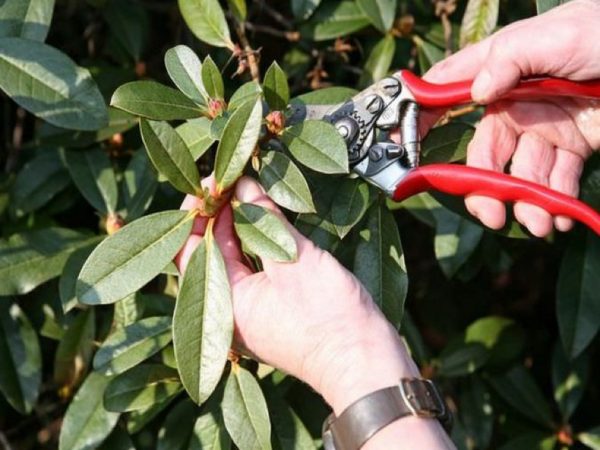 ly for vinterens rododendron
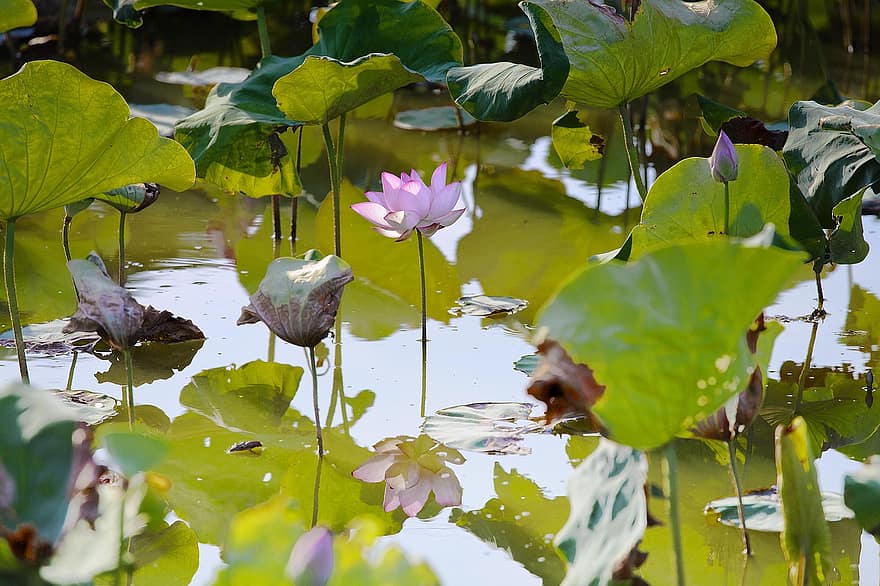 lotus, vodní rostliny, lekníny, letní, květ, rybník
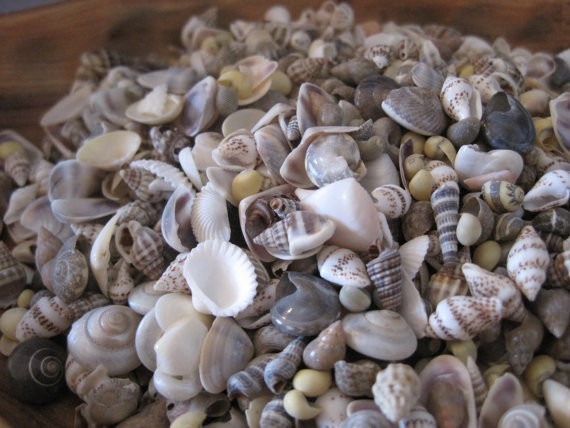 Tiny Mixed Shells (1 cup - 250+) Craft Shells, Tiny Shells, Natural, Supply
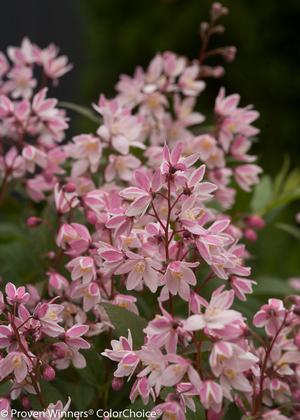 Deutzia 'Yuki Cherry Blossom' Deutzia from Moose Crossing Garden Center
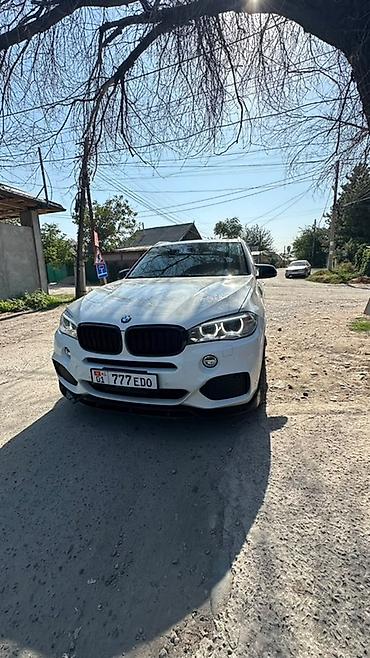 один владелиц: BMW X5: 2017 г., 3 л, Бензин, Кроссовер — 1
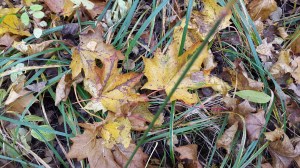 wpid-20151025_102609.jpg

Directions:
Copy every record exactly as written, leaving out the pictures.

Solution for this exercise:
 ly for vinterens rododendron
 lotus, vodní rostliny, lekníny, letní, květ, rybník
 Tiny Mixed Shells (1 cup - 250+) Craft Shells, Tiny Shells, Natural, Supply
 Deutzia 'Yuki Cherry Blossom' Deutzia from Moose Crossing Garden Center
 один владелиц: BMW X5: 2017 г., 3 л, Бензин, Кроссовер — 1
 wpid-20151025_102609.jpg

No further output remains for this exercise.